水素ガスを用いたレールガス圧接法を開発しました


平成20年 7月18日
財団法人鉄道総合技術研究所

財団法人鉄道総合技術研究所(以下、鉄道総研)は、従来のアセチレンガスに替えて水素ガスを用いるレールガス圧接法を開発しましたので、下記によりお知らせします。

 
 金属の接合部をガスの炎を用いて高温に加熱し圧接する「ガス圧接法」は、接合部の強度が素材とほぼ同等で、使用機器が比較的小型で現場施工が可能であるため、レールや鉄筋の接合に広く適用されています。
 しかしながら、現行のガス圧接法で用いられているアセチレンガスは、将来的なガス価格の高騰などによる製造中止が危惧されるほか、燃焼で発生する炭酸ガスによる環境負荷も懸念されています。

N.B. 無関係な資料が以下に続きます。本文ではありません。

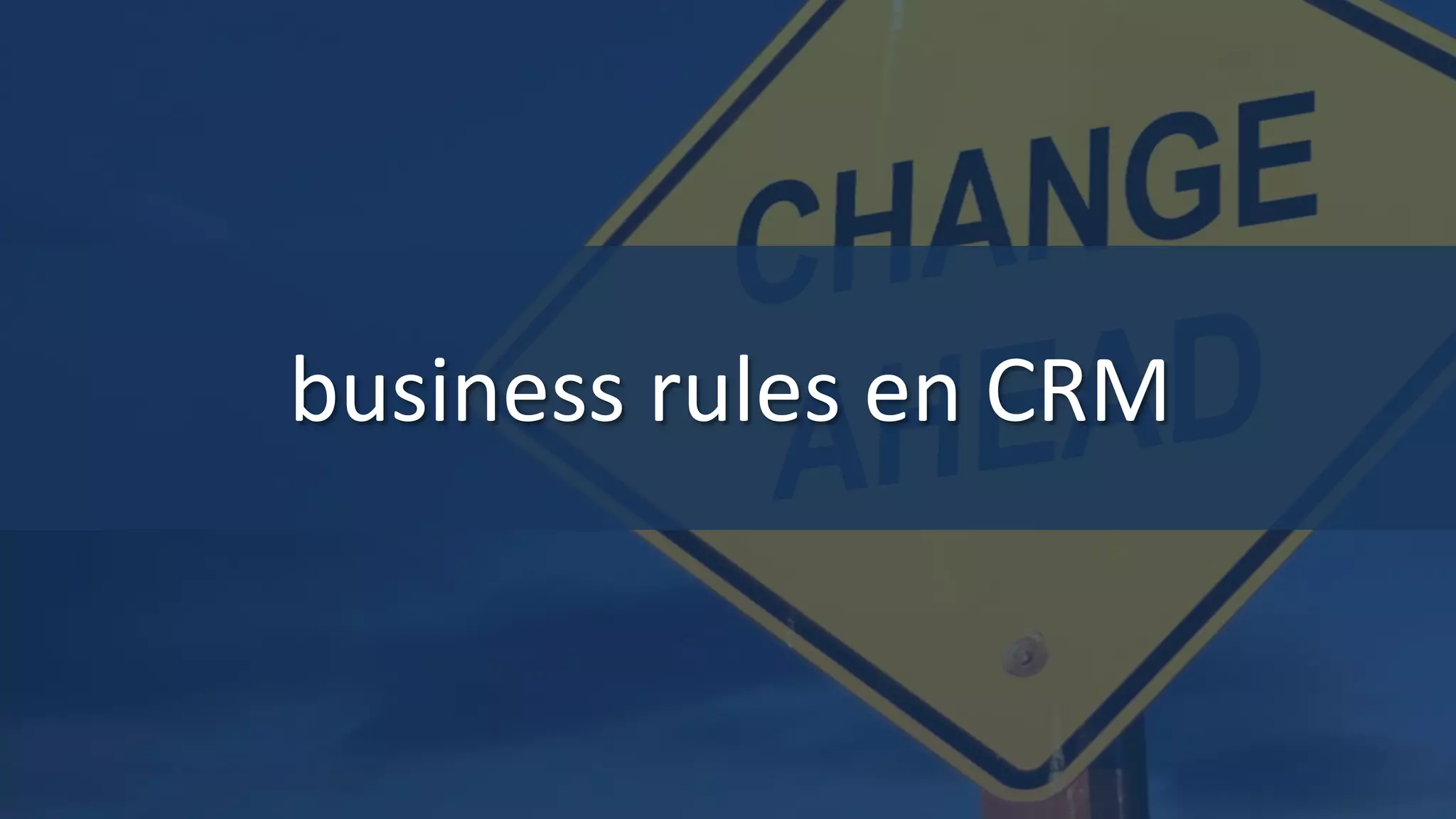 business rules en CRM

そこで、鉄道総研では水素ガスを用いたレールガス圧接法について検討しました。
 水素ガスは燃焼速度が非常に速く、取り扱いが難しいと言われていましたが、適量のヘキサン(C6H14*1を加えることで燃焼を安定させた「水素ガス燃焼炎発生システム」を構築しました。接合端面の酸化防止に必要な接合部のシールド性が劣る点は、バーナー構造を適正化することによって解決できました。また、ヘキサンを加えた水素ガス燃焼炎は、バーナーの中に炎が逆流する(逆火)現象が従来法よりも発生しにくいため、安全性に優れています。
 60kgレールを対象にした性能評価試験により、この圧接法を用いた接合部は実用に供し得ると確認しました。また、60kgレールを接合した際の炭酸ガス発生量は、アセチレンガスを使用した場合の1/3程度に低減できることもわかりました。なお、この圧接法は、既存装置を改造することで施工可能です。
 
  *1 ヘキサン(C6H14
揮発性の高い無色透明の液体。有機溶媒の一種で、灯油やガソリンに含まれるベンジンの主成分。油脂洗浄などに用いられる。